Действующая армия, 1916.
НОЧЬЮ
Страх - ужасное ощущение,
какое-то разложение души, какая-то
судорога мысли и сердца, одно
воспоминание о которой внушает
тоскливый трепет.
Мопассан
I
Контузия и продолжительная голодовка давали себя чувствовать. Левая половина туловища ныла, и я не мог заснуть. Кроме того, было очень холодно. Тоненькая шинель едва прикрывала голову и туловище, а мокрые сапоги смешно торчали из соломы, озаренные слабым светом стынущих угольев.
Телефонист Блох спал рядом. Его худое лицо с горбатым носом почти касалось моего плеча. Во сне он бормотал что-то быстро и неразборчиво, и я чувствовал у себя на щеке его нечистое дыхание, пахнущее испорченными зубами и отрыжкой. От соломы, на которой мы спали, несло конским навозом.
Рядом с нами чернела телега беженцев. Распряженные волы неподвижно стояли поодаль и казались белыми пятнами. У телеги возле шатра стояло что-то худое и высокое. Не то человек, не то дерево. Изнутри шатер просвечивал. Там, вероятно, горела свеча, и оттуда доносился монотонный, причитающий женский голос. Я прислушался, но не мог разобрать ни одного отдельного слова. Причитали на каком-то незнакомом, очень музыкальном языке. Было похоже, что читают стихи из Корана или бесконечную, безысходно-грустную поэму. По временам голос на миг прерывался, но потом продолжал свои грустные переливы. Я прислушался еще. Теперь уже можно было разобрать отдельные слова:
О, мой мик, о, мой мик,
Мой мик мо-ор! О-о-о...
О, мой мик мо-ор, мо-ор!
О, мой ми-ик, ми-ик!
Голос ныл. Мне хотелось есть и спать. Но спать я не мог.
О, мой мик, мик,
О, мой мик мо-ор!
Худое и высокое, похожее на дерево, зашевелилось. Оказалось - человек. Он переступил с ноги на ногу и опять застыл. На той стороне лощины пылали красные костры беженцев. Туман светился вокруг них. Голос из шатра не утихал, и я никак не мог понять, что это значит. Непонятные слова заставляли меня странно волноваться.
О, мой мик, мик!
О, мой мик мо-ор, мо-ор!
"Что это значит - "мой мик мор?" - стал думать я и ничего не мог придумать. Мне стало страшно, и я не знал - отчего. Казалось, что пришел кто-то невидимый и неизбежный и стал позади меня. Захотелось завыть громко и по-звериному. Болела нога. "Memento mori", - почему-то подумал я. "Ах, мой мик мор!" Memento mori, memento mori... mor... мор... Умер... Я начал понимать - умер, умер... Кто-то умер. Кто-то умер, и над ним причитают. Вот откуда эта безотчетная, безысходная тоска! Я приподнялся, сел и просидел неподвижно очень долго, вероятно, целый час. Я трясся от лихорадки.

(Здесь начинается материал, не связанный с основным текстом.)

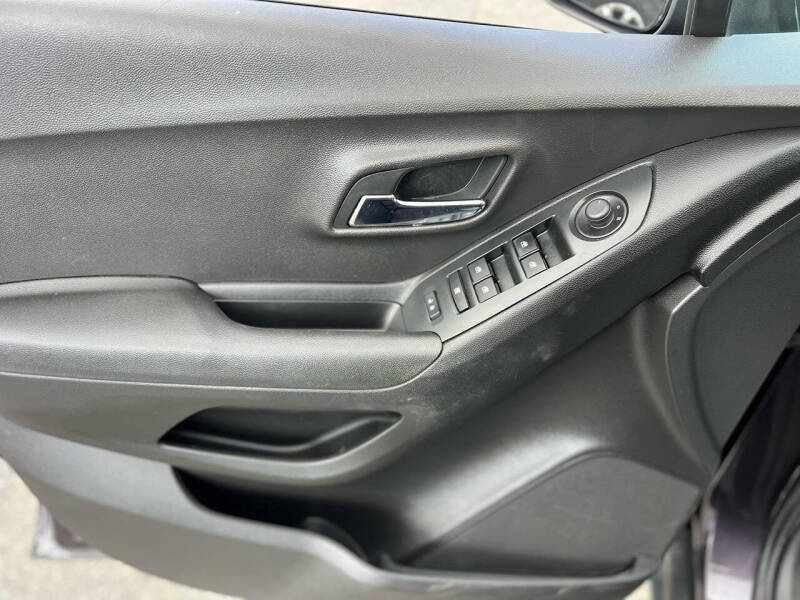 2016 Chevrolet Trax LT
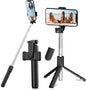 Bastone Seflie Stick 100cm con telecomando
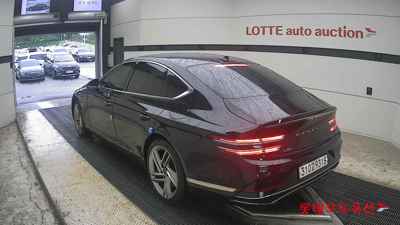 جينيسيس G80 2026 — صورة 2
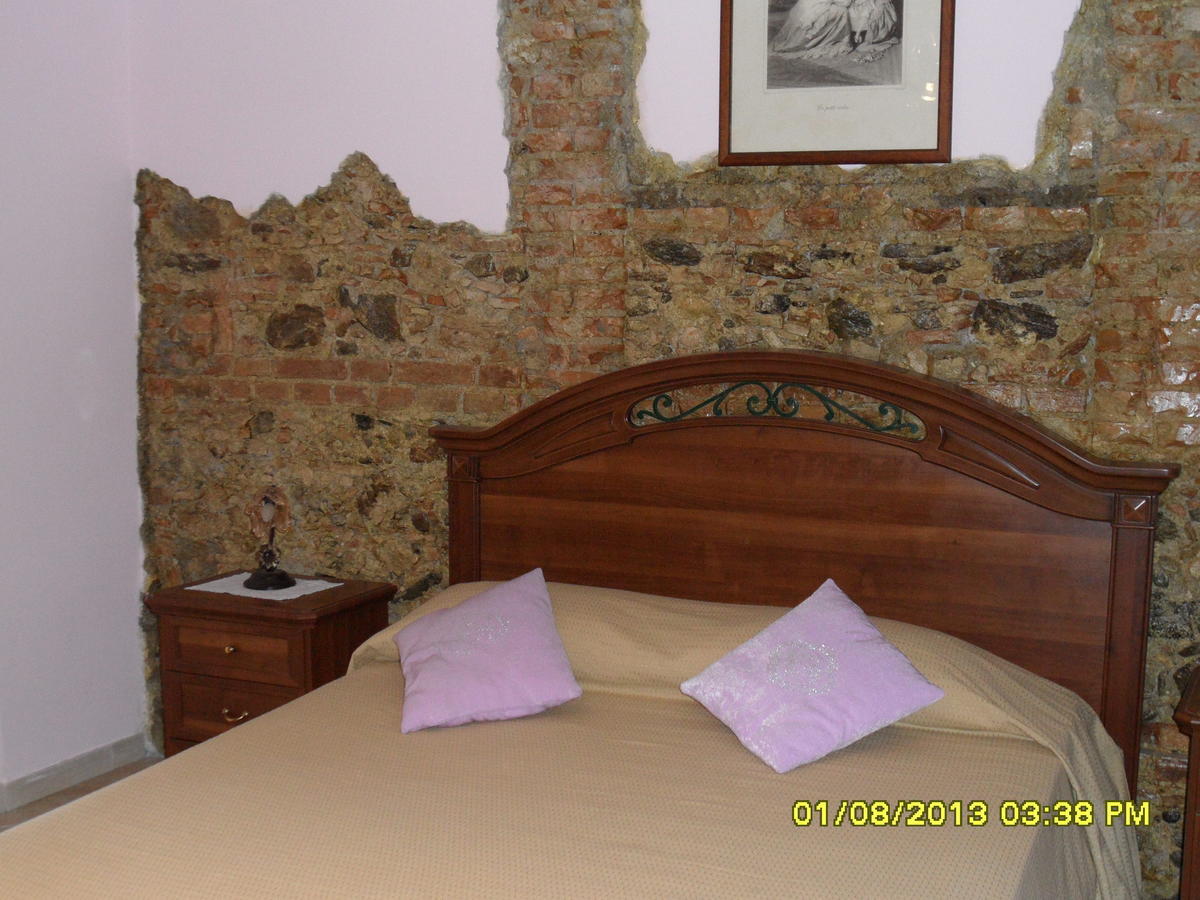 Bed & Breakfast Garrupa Marcellinara Exteriér fotografie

Когда я проснулся, было уже светло и солнечно. Вокруг все пестрело и шевелилось: овцы, люди, волы, собаки. Всюду дымились костры.
Блох стоял, повернувшись лицом к солнцу, искал под мышками и на шее вшей. Человек, который укрыл мне ноги ковром, рубил на куски только что зарезанного барана. Два мальчика и девочка в высоких белых барашковых шапках играли с козлом, привязанным к телеге. Из шатра неслось монотонное бормотание женщины. Я встал. Во рту был неприятный вкус жеваной резины.
– Абрам, слышали, как эта женщина причитала всю ночь? Я насилу заснул.
– Да. Что это такое?
– Наверно, над покойником.
У Блоха лицо отразило испуг и отчаяние. Казалось, он хотел закричать: "Какой покойник? Я не могу, я не хочу! Довольно с меня покойников!" Он спросил:
– Откуда?
– Наверно, ночью кто-нибудь умер.
Мы подошли к телеге и заглянули в шатер. Слабо горела тоненькая восковая свечка, вставленная в бутылку. Тощая женщина с отвисшими грудями и молодым, но по-восточному старообразным лицом сидела на земле. Она скрестила на животе худые коричневые руки и, мерно покачиваясь взад и вперед, пела вполголоса свою безысходную песню. Крупные слезы катились по ее грязным щекам. Возле нее лежало что-то маленькое и неподвижное, похожее на куклу. У самой свечки белел ситцевый детский чепчик и тонко золотилась прядь коротеньких волосиков.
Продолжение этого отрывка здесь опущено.